А буквально за день до окончания срока… по земному календарю этот день как раз попал бы на двадцать третье февраля… мне снова приснился странный сон с белобрысым мужиком, который молниями разбивает пространство. Причем и на этот раз я поначалу находился в его теле и уверенно, словно не в первый раз, делал то, о чем понятия не имел. Однако сон оказался настолько отчетливым и ярким, что поутру я решил, что это неспроста. Более того, эта мысль настолько прочно засела мне в голову, что я целый день никак не мог выкинуть ее из головы. А после ужина все-таки решил это повторить. Чем черт не шутит? Вдруг это не просто сон, а подсказка?
Собственно, я ни на что особо не надеялся. И никакое пространство, само собой, рвать не собирался. Просто хотел убедиться, что сам принцип работает и что ту фигуру-многоугольник в три-дэ формате хотя бы теоретически можно повторить.

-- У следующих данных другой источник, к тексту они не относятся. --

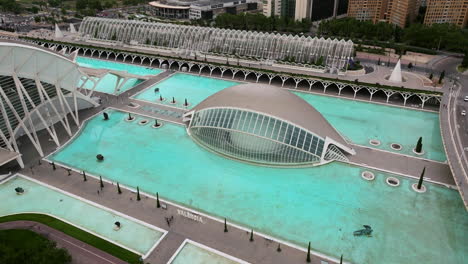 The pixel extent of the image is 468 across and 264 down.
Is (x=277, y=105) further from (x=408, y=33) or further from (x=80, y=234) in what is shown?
(x=408, y=33)

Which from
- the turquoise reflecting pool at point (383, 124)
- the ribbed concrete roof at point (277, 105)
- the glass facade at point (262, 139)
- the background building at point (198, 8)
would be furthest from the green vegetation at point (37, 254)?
the background building at point (198, 8)

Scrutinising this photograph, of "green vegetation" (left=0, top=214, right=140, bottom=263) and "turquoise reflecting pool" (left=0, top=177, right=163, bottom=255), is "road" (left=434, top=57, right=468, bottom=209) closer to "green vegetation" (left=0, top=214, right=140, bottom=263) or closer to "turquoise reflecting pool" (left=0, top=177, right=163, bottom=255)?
"turquoise reflecting pool" (left=0, top=177, right=163, bottom=255)

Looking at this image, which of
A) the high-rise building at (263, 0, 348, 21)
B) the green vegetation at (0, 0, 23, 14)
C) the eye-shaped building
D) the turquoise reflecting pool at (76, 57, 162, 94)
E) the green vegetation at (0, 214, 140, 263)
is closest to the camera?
the green vegetation at (0, 214, 140, 263)

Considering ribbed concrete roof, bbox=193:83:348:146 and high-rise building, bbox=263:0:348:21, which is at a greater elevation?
high-rise building, bbox=263:0:348:21

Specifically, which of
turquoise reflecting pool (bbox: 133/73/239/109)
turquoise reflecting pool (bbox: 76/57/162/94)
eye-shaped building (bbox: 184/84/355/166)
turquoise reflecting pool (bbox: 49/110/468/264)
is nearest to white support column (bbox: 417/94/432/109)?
eye-shaped building (bbox: 184/84/355/166)

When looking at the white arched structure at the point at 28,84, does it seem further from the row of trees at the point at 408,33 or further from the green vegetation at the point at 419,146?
the row of trees at the point at 408,33

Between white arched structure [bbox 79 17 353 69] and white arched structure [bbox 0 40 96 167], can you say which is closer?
white arched structure [bbox 0 40 96 167] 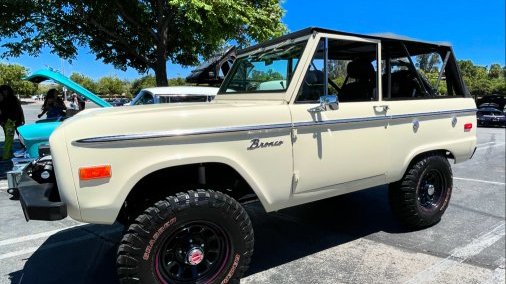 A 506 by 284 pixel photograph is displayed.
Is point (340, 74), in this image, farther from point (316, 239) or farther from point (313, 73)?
point (316, 239)

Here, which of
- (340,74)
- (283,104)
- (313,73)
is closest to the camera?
(283,104)

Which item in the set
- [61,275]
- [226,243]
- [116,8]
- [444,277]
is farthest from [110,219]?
[116,8]

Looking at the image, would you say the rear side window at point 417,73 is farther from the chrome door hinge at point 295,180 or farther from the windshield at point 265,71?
the chrome door hinge at point 295,180

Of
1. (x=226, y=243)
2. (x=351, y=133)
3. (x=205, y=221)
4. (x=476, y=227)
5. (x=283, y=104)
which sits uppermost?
(x=283, y=104)

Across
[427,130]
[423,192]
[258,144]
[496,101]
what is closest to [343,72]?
[427,130]

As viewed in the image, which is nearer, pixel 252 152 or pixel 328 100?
pixel 252 152

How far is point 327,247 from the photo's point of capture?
13.4ft

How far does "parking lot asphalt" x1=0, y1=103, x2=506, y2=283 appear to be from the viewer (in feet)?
11.3

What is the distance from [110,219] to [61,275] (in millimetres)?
1238

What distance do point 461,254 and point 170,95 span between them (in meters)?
7.08

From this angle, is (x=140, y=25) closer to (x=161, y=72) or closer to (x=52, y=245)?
(x=161, y=72)

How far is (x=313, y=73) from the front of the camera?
3518mm

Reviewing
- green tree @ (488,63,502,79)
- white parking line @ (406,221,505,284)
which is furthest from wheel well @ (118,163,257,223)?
green tree @ (488,63,502,79)

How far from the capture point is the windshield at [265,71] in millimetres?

Правда, как объяснить молниям, что именно я от них хочу, было неясно. Да, на прямое обращение они реагировали. Когда их хвалили, тоже, можно сказать, понимали. Однако как только дело касалось скучных заданий или неинтересных сложностей, они тут же разлетались и принимать хулиганить, старательно игнорируя все остальное.
Я, если честно, не до конца понял, как с ними обращаться. А когда увидел, что ничего не добьюсь, махнул на них рукой и, усевшись на кровать в позе лотоса, просто попытался припомнить, как выглядела та фиговина и что собой представляла.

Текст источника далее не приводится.